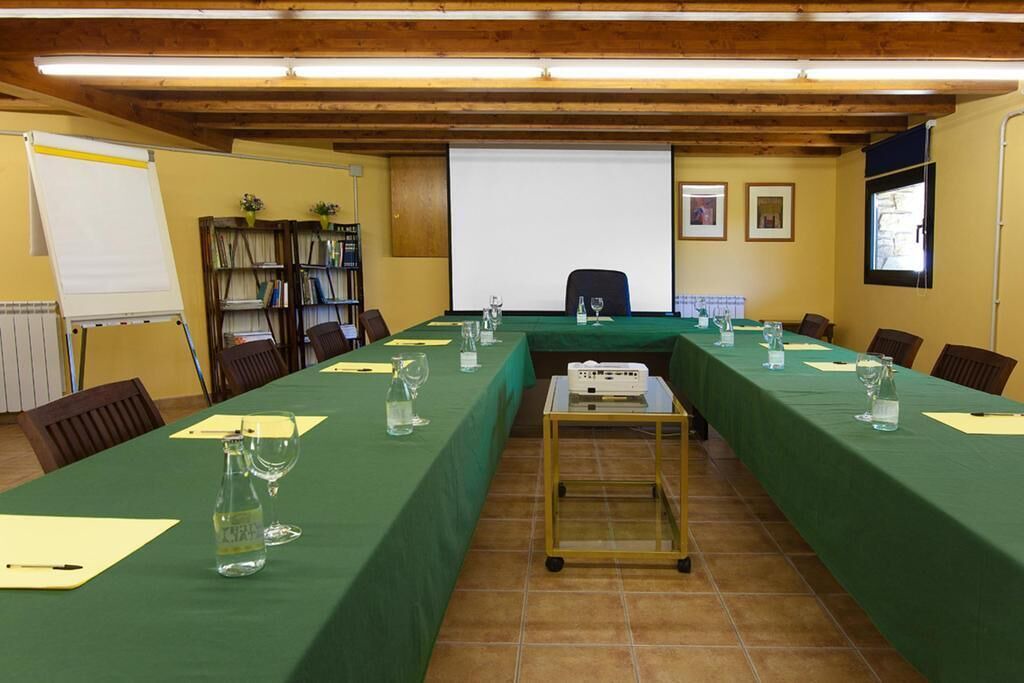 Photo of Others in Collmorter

...

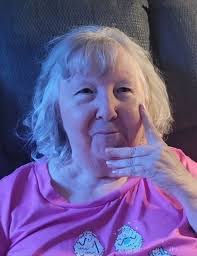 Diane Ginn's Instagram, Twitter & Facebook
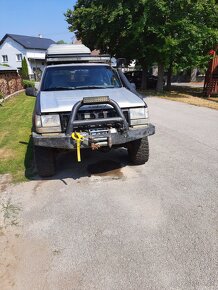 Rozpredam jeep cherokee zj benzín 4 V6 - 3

...

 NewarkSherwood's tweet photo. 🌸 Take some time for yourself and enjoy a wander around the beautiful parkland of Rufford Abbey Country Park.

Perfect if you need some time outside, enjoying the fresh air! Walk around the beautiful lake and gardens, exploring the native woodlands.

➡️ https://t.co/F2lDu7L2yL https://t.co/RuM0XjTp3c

◆ Task to carry out: The lines to set down run from the line with "Diane Ginn's Instagram, Twitter & Facebook" up to and including the line with "Rozpredam jeep cherokee zj benzín 4 V6 - 3" in the entries above. Reproduce them exactly, with no pictures.

◆ Output for this task:
 Diane Ginn's Instagram, Twitter & Facebook
 Rozpredam jeep cherokee zj benzín 4 V6 - 3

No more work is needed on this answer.